Mirjana Marić

Personal information
- Born: January 10, 1970 (age 56) New York City, New York, U.S.

Chess career
- Country: Yugoslavia → Serbia
- Title: Woman Grandmaster (1992)
- FIDE rating: 2263 (November 2012)
- Peak rating: 2333 (July 2000)

= Mirjana Marić =

Serbian chess player (born 1970)

Mirjana Marić (Мирјана Марић; born January 10, 1970) is an American-born Serbian chess player who holds the FIDE title of Woman Grandmaster (WGM). She lives in Belgrade, capital of Serbia (former Yugoslavia), and has a dual Serbian and US citizenship.

Marić was born in New York City and introduced to chess at the age of four, together with her 20-minutes-older twin sister Alisa Marić. Alisa and Mirjana are the only twins with grandmaster titles in the history of modern chess.

At an early age, she shared 1-3 place in the World Youth Chess Championship U16 in France 1984 (bronze medal), and won the same competition in Israel in 1985.

Marić was twice Yugoslav Chess Champion, sharing first place with Suzana Maksimovic in 1991. and winning alone in 1993. She played three times for Yugoslavia on Chess Olympiads, in Novi Sad 1990 (2nd team), in Moscow 1994 and Yerevan 1996.

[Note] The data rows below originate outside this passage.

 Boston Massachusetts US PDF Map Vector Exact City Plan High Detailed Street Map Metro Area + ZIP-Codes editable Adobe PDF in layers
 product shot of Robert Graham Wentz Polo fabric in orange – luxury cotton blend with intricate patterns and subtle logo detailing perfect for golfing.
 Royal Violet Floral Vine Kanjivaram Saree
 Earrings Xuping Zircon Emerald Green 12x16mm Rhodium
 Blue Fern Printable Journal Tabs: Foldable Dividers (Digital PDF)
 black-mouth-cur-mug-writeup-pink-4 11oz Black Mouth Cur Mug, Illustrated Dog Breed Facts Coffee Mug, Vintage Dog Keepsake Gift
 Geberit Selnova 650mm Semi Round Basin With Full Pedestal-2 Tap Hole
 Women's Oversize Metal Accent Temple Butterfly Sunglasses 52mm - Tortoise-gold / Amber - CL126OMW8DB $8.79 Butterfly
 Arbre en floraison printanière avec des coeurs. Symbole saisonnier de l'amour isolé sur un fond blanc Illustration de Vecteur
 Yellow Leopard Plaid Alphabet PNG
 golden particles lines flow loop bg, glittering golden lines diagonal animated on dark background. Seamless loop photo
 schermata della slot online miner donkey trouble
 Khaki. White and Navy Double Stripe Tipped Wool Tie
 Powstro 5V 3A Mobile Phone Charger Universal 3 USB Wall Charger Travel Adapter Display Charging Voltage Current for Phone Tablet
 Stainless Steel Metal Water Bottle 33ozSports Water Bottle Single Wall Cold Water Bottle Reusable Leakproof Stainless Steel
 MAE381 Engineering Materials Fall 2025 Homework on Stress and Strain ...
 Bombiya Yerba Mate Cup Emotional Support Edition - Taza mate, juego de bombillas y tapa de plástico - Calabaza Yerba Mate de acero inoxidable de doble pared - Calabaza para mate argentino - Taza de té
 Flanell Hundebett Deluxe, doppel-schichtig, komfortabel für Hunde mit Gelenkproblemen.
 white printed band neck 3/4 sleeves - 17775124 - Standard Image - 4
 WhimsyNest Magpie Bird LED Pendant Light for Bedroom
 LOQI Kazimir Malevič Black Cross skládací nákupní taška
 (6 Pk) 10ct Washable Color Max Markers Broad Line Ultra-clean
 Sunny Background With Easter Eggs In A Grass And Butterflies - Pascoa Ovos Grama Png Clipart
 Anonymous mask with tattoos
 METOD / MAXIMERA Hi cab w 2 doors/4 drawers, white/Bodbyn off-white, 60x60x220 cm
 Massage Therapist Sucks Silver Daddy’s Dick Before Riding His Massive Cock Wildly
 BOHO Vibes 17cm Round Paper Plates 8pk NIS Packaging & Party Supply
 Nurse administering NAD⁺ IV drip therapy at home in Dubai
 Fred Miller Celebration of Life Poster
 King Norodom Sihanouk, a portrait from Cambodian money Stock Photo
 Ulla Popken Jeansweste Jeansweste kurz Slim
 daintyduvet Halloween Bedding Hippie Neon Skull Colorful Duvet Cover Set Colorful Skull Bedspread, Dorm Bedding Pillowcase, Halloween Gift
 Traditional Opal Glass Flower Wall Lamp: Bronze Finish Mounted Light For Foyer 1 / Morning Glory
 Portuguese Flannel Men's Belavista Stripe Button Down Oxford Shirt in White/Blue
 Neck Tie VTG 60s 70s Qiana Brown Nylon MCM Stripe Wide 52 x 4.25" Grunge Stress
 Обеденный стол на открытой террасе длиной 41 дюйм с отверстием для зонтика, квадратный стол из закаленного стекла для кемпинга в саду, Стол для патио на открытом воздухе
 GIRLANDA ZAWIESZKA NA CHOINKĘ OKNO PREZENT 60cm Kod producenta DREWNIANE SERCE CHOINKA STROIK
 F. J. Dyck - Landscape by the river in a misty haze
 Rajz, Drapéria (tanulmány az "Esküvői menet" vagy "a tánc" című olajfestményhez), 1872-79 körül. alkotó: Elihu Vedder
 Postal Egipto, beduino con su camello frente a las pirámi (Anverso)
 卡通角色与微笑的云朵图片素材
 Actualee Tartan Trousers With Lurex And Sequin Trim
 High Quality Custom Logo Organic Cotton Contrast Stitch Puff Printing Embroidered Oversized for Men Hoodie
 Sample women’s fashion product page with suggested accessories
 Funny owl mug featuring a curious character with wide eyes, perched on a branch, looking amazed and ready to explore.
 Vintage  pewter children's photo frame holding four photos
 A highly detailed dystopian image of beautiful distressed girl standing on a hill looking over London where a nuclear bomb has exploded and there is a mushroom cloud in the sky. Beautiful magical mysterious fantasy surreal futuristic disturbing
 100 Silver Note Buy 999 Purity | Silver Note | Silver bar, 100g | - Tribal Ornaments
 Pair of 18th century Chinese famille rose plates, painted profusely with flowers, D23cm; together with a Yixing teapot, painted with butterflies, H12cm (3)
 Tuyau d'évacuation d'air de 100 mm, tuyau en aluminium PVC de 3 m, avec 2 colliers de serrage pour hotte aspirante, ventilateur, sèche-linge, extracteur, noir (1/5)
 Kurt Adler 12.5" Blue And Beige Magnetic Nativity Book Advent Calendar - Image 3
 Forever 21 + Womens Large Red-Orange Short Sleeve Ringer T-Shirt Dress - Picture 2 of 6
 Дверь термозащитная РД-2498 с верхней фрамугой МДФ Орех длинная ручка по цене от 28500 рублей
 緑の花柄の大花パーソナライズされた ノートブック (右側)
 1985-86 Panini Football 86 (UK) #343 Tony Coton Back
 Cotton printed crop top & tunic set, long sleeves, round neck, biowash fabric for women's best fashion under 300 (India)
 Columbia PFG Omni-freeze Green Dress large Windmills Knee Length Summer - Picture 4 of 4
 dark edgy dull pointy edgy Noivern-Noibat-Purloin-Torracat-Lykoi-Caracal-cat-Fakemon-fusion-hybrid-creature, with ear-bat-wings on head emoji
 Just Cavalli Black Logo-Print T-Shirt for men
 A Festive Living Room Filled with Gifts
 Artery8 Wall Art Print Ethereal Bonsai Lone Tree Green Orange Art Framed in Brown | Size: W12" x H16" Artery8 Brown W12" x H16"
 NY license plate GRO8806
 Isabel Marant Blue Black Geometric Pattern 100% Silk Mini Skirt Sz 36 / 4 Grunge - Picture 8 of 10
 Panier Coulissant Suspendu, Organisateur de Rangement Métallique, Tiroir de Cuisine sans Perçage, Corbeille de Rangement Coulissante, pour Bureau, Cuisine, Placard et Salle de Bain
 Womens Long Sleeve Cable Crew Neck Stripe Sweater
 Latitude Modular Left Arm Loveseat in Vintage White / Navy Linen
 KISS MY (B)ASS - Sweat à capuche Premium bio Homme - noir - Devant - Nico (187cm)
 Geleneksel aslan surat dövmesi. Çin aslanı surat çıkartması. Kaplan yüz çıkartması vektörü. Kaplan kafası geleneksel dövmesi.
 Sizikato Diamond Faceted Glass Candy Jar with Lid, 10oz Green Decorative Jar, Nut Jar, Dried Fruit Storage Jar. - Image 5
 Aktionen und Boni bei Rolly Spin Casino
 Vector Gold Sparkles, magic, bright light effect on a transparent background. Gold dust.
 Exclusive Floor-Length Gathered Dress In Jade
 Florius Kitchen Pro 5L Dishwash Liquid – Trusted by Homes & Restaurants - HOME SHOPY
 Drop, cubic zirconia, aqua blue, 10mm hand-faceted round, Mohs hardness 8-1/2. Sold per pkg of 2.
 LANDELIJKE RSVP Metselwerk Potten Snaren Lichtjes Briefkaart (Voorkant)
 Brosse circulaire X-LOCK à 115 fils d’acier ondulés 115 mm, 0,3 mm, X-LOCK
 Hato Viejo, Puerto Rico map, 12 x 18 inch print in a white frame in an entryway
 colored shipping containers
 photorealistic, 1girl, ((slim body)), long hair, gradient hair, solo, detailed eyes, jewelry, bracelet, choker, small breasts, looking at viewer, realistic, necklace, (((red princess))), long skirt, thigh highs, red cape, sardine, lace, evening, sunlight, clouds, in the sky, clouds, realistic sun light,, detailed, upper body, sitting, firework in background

FIDE has awarded her with the Woman International Master (WIM) title in 1988 and with the Woman Grandmaster (WGM) title in 1992.

In the World championship cycles she played on Interzonal tournaments in Subotica 1991 and Jakarta 1993.

She graduated in mathematics at Belgrade University and married international master Zoran Stamenkovic. After 2000 Mirjana Marić has played occasionally, mainly in team events. After a long pause she played in the Serbian women's championship in Pancevo in 2007, and came fourth of 12 participants.